Hearts and Ashes

Ash Wednesday and Valentine’s Day, love’s arduous and jubilant walk to the cross, to the center of all things, where the horizontal line of what we experience as time and narrative is pierced by the vertical line of Truth. The horizontal line stretching backward and forward farther than the eye can see. The vertical line generated like lightning. The crossing of these lines we call Now. 

The vocabulary of sacrifice can’t help but show up on such a day. We have to look at what slaughter has to do with offering. How can taking the life of another be an offering of my own? It can’t. That precious lamb or bull or child or virgin represents those things we worship more than anything: Security, a future, innocence, power. “Here,” we say, “I’ll give you my prize as proof of how much I fear you. To prove I love you. What’s that you say? You only want me? No. No. No. I’ll have to think about that.” And we walk it all back. How did we get so mixed up?  

I think of my sister’s final Now.  

Cindy woke up, peed, showered, had coffee. She walked the dogs, ate breakfast, dressed, did her hair, put together her lunch, stepped into shoes. The December day was bright and warm. The key went into the ignition.

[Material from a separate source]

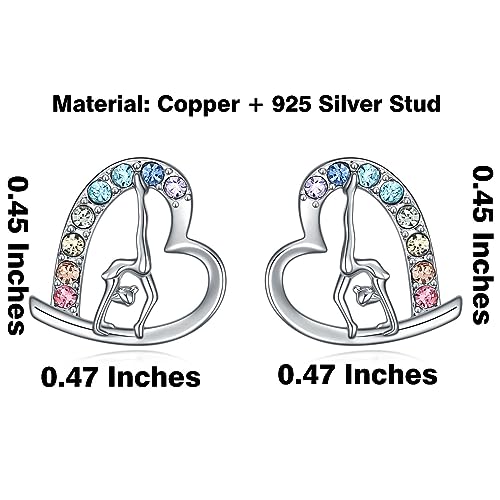 Girls Ballet & Gymnastics Stud Earrings - Rainbow Heart Dance Earrings for Recital Gifts2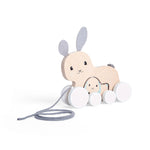 Wooden Bunny & Baby Pull Along Toy With Grey Cord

Music played. She put her elbow on the slight ledge where car door meets window, and tipped her head into her hand while waiting for a light to change. She arrived at work, said good morning. At her desk, she thought about what she needed to do to get ready for a trip to Sally’s cabin. And then, with an internal blow near her right temple, her light went out. In the shock, her heart arrested, but was too strong – from walks and gardening and time in the mountains – to stop. 

The EMTs couldn’t let her go. That decision came down to us, her family. 

So here we are. Here I am, braiding and unbraiding the threads of story and loss – a far cry from and resonant echo of letting go – and all tangled up with the language of sacrifice. 

Cindy’s life ended. The wave fell back into the ocean. This did not happen for a reason. She was not taken, stolen, smote, executed, or sacrificed. This is not to say her life had no meaning. And who knows if she offered anything up or what she offered, if she did. So much that isn’t ours to know. 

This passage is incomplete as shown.